--- DATA TO USE Enclosed Below ---

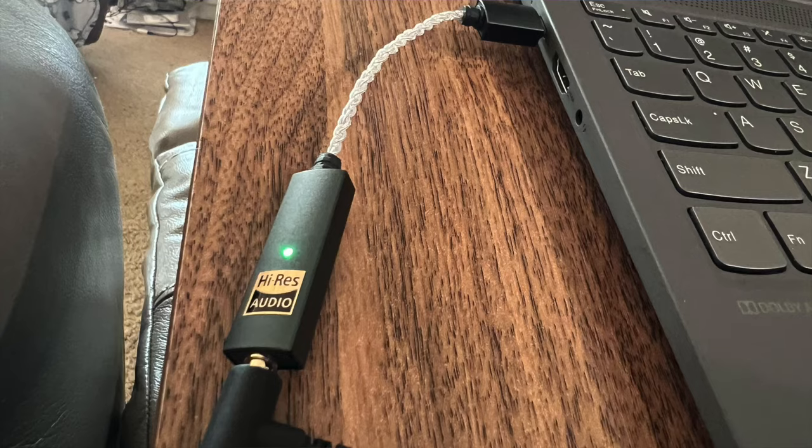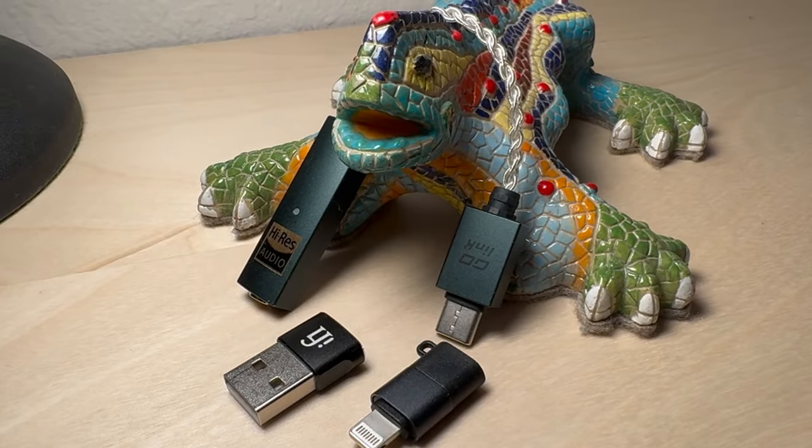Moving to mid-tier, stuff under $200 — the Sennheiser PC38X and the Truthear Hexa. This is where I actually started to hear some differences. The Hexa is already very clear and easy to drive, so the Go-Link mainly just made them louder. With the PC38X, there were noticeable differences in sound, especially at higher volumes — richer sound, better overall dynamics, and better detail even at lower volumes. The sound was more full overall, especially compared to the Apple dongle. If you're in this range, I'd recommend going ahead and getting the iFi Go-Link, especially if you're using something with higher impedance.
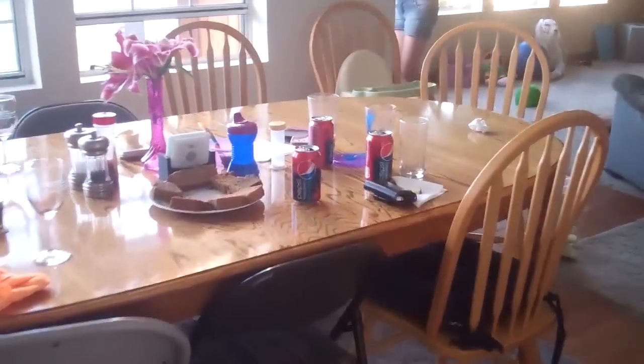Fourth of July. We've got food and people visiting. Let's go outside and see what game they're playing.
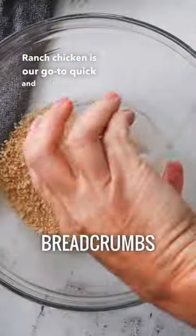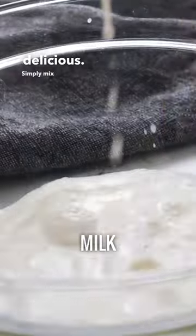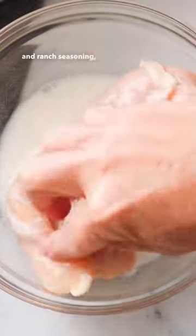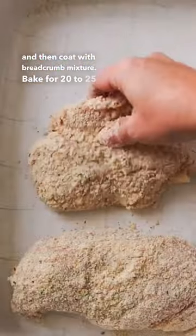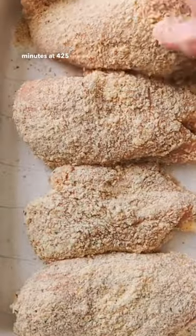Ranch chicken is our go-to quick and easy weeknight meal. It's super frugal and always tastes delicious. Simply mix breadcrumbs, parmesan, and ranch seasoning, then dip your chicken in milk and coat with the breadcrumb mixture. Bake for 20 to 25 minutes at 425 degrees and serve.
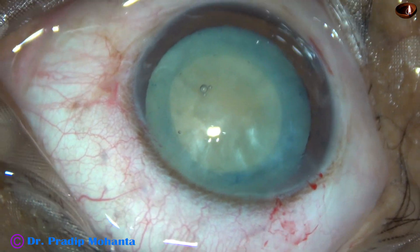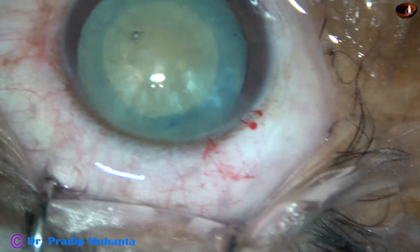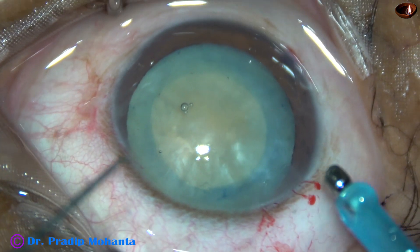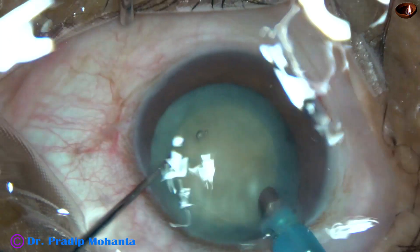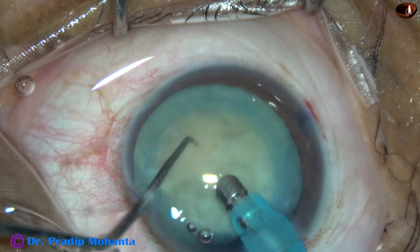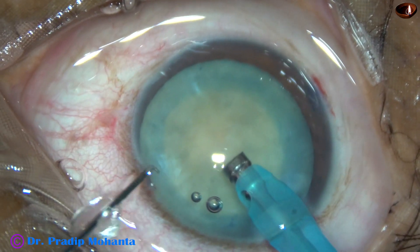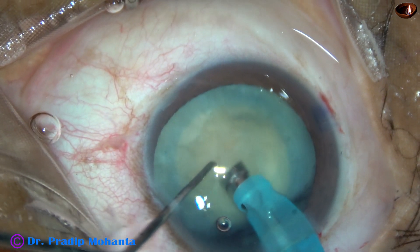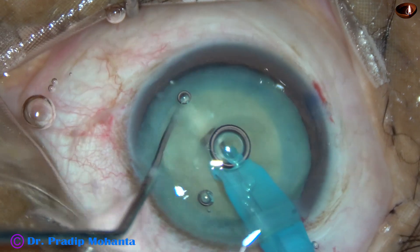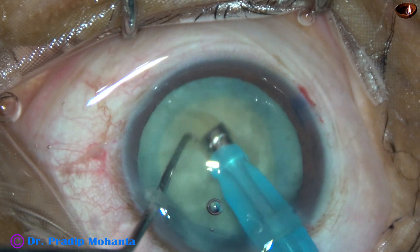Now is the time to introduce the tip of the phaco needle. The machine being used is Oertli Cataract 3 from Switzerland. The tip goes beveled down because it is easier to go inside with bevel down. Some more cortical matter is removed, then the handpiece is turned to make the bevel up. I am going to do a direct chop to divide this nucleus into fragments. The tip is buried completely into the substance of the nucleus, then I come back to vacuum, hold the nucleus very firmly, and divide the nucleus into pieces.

--- End of Enclosed DATA TO USE ---
--- DATA TO USE Enclosed Below ---

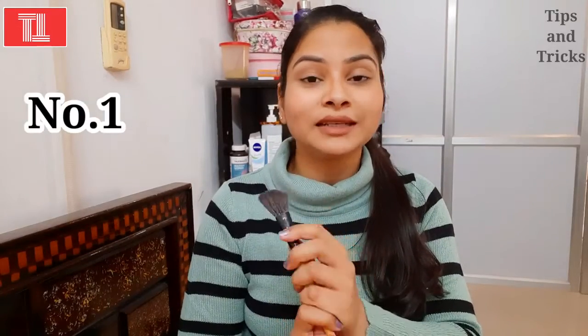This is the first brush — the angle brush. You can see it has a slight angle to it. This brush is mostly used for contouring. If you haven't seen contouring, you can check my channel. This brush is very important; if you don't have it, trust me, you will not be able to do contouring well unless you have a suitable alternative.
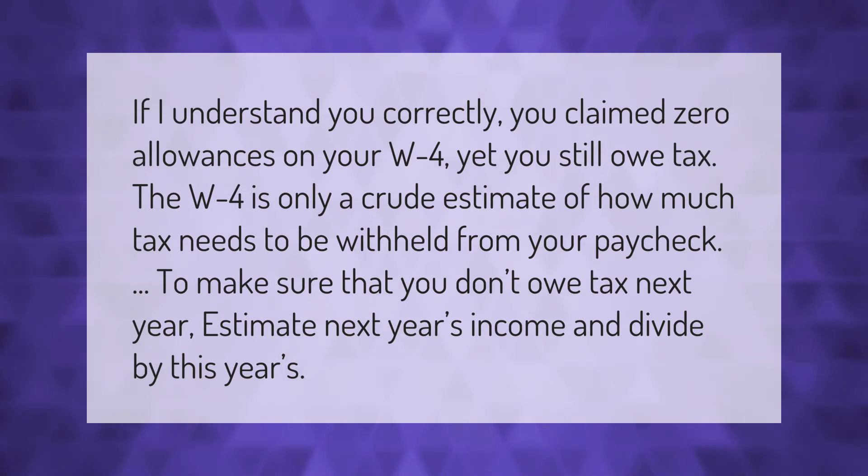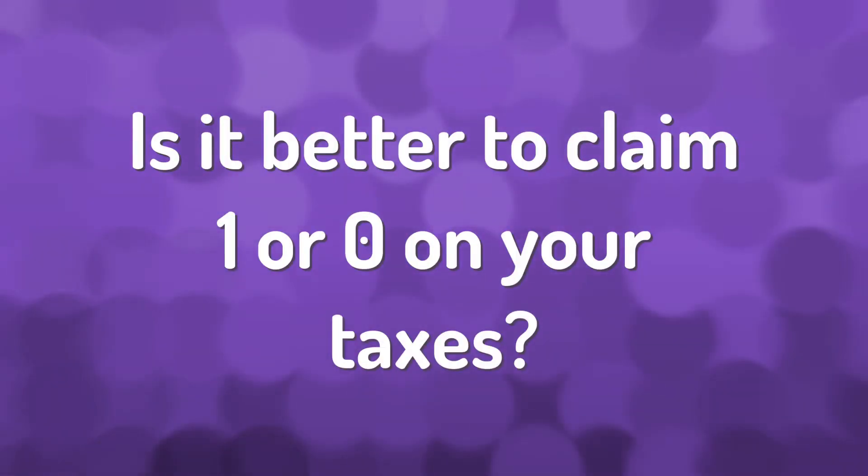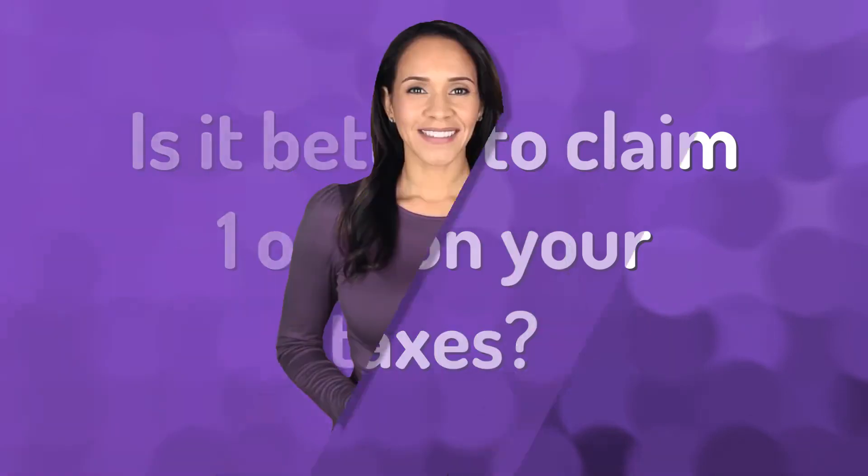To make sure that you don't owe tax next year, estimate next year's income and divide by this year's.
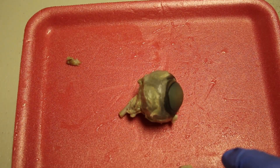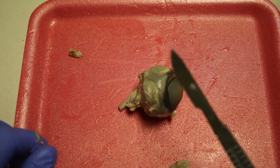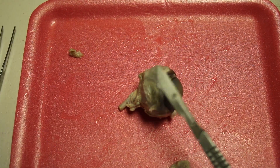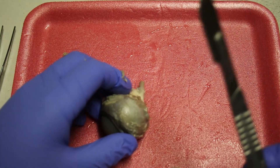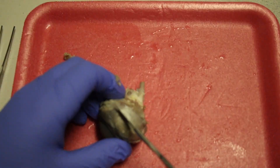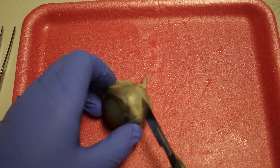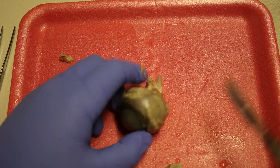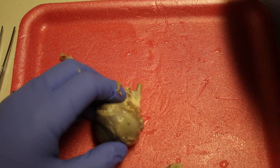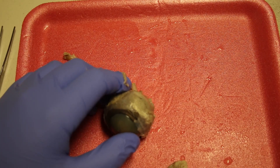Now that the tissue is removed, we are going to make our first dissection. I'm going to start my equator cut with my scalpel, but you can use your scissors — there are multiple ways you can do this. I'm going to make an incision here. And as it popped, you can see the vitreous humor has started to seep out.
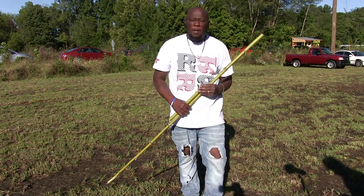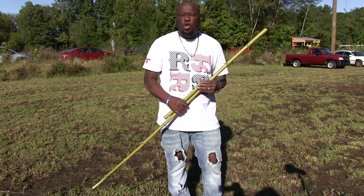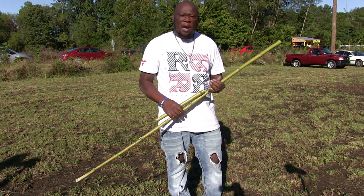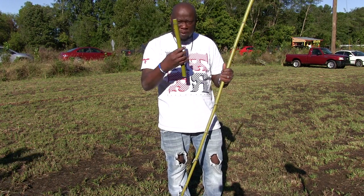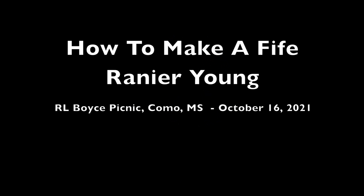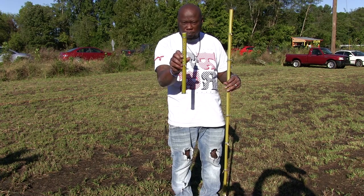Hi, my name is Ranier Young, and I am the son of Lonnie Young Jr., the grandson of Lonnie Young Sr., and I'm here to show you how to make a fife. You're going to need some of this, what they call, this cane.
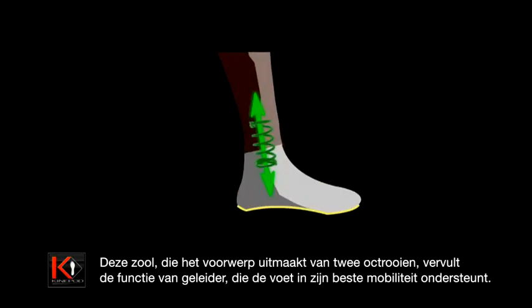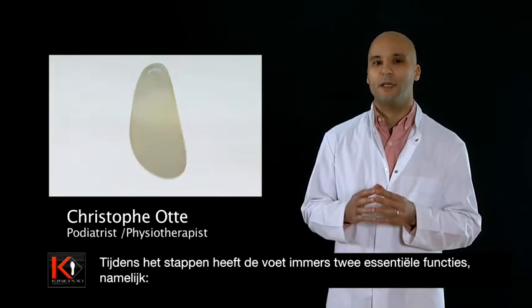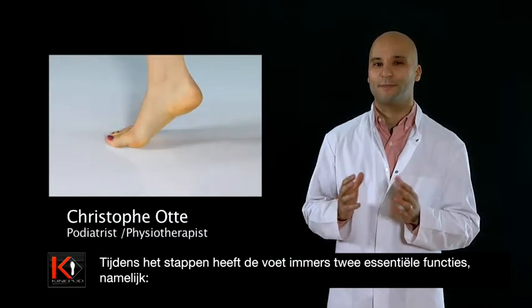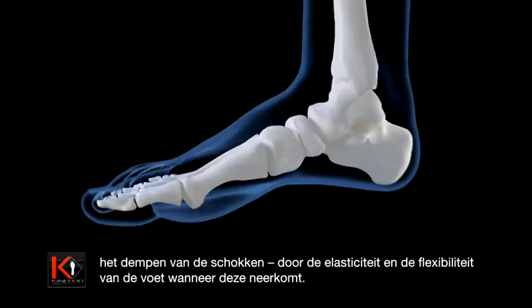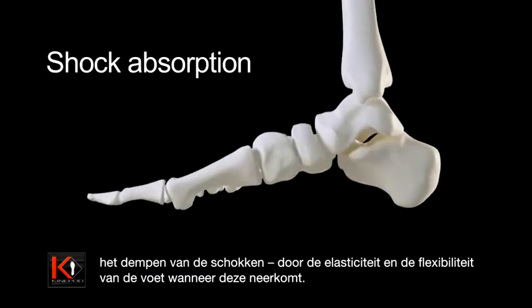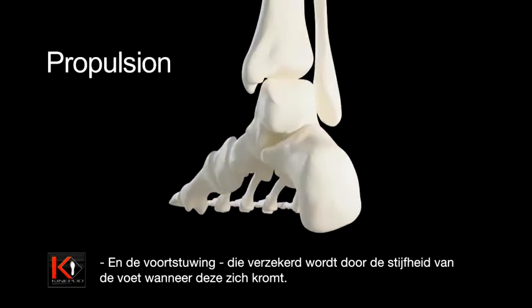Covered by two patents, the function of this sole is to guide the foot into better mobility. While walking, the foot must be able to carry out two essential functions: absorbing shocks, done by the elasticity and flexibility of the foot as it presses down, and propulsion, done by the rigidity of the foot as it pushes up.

--- End of Enclosed DATA TO USE ---
--- DATA TO USE Enclosed Below ---

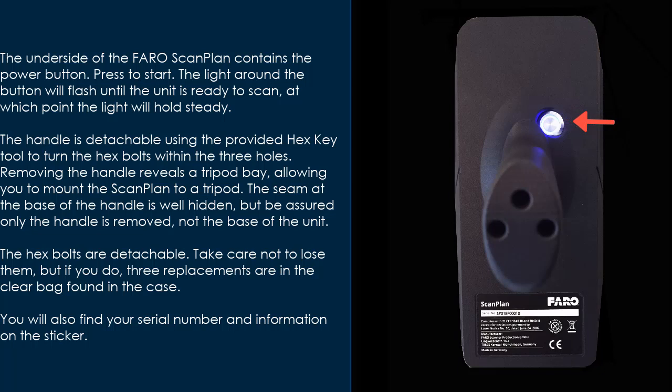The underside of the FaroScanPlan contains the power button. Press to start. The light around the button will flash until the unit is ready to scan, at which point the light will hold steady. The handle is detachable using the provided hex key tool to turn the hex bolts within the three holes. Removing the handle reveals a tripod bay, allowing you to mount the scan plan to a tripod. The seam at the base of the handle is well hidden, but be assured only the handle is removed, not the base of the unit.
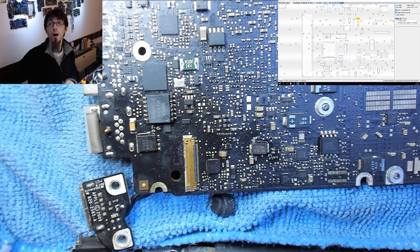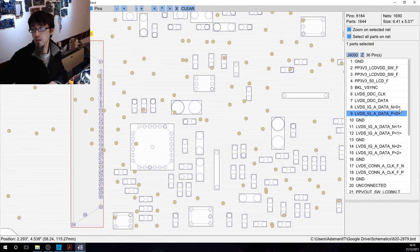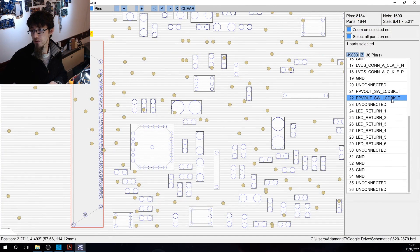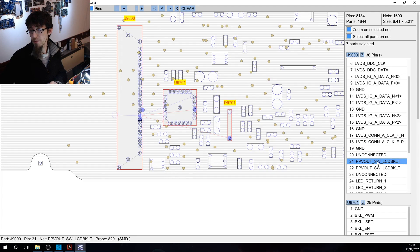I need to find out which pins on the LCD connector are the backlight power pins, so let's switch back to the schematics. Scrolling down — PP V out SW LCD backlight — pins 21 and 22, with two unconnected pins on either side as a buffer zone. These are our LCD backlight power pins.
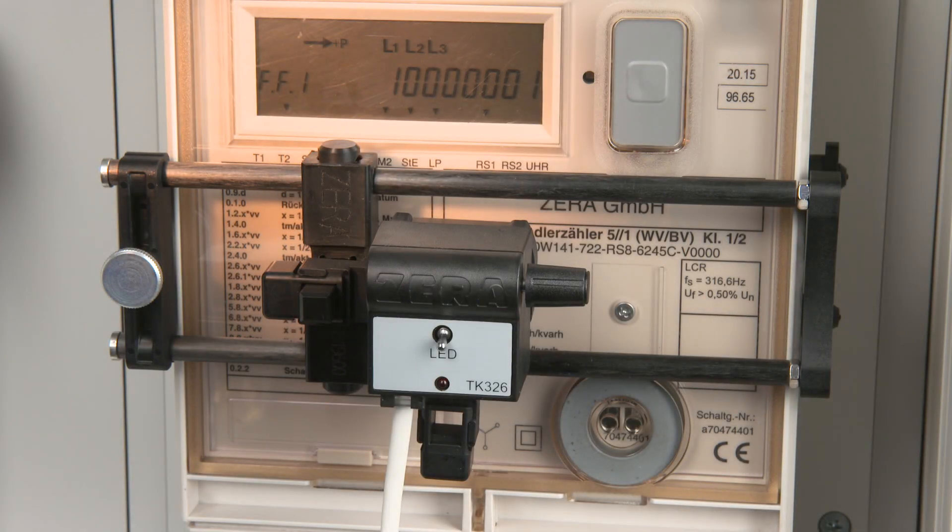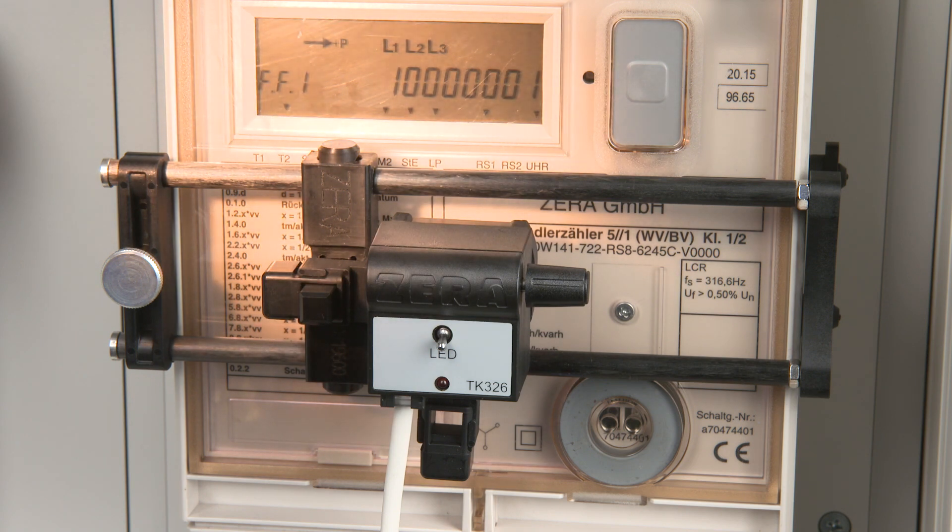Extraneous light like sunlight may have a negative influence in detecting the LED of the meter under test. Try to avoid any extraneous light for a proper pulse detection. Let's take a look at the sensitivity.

--- End of Enclosed DATA TO USE ---

» **WORK TO BE COMPLETED**
Would you output only the span of the records above that opens with the line containing "Ranch chicken is" and closes with the line containing "Now is the time", ends included and pictures dropped?

» **EXPECTED ANSWER**
Ranch chicken is our go-to quick and easy weeknight meal. It's super frugal and always tastes delicious. Simply mix breadcrumbs, parmesan, and ranch seasoning, then dip your chicken in milk and coat with the breadcrumb mixture. Bake for 20 to 25 minutes at 425 degrees and serve.
Now is the time to introduce the tip of the phaco needle. The machine being used is Oertli Cataract 3 from Switzerland. The tip goes beveled down because it is easier to go inside with bevel down. Some more cortical matter is removed, then the handpiece is turned to make the bevel up. I am going to do a direct chop to divide this nucleus into fragments. The tip is buried completely into the substance of the nucleus, then I come back to vacuum, hold the nucleus very firmly, and divide the nucleus into pieces.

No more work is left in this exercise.